> Exercise instructions:
After finding "Shop Massimo Dutti" in the material below, output its line and every line after it through the last, exactly, but not the pictures.

Input data Block Start

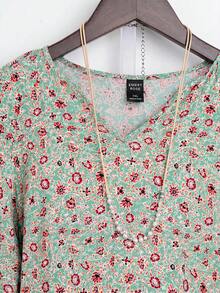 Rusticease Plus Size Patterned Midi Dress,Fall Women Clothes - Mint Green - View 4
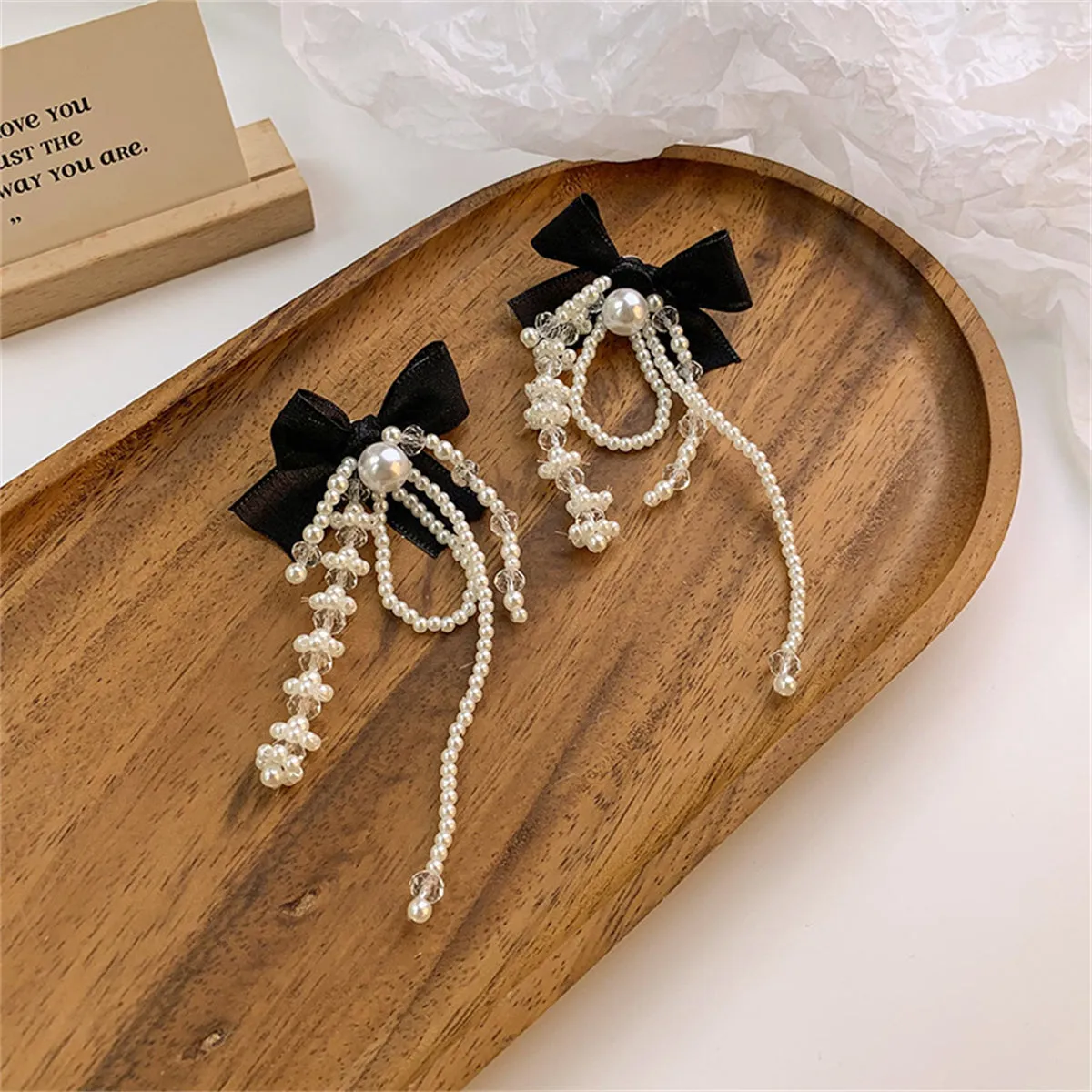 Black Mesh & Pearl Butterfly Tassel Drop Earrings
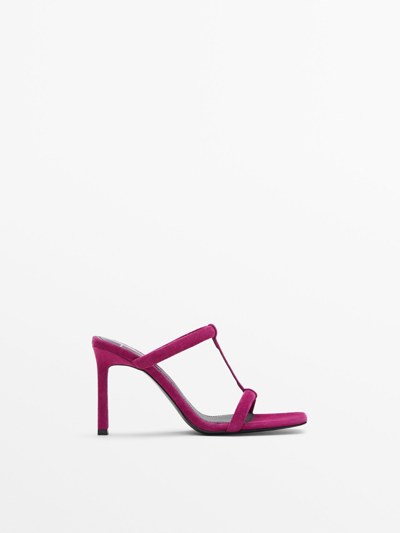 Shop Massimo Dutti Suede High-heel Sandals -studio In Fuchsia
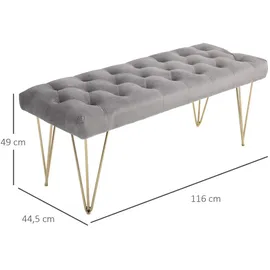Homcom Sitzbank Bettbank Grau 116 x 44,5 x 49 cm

Input data Block End

> Answer for this exercise:
 Shop Massimo Dutti Suede High-heel Sandals -studio In Fuchsia
Homcom Sitzbank Bettbank Grau 116 x 44,5 x 49 cm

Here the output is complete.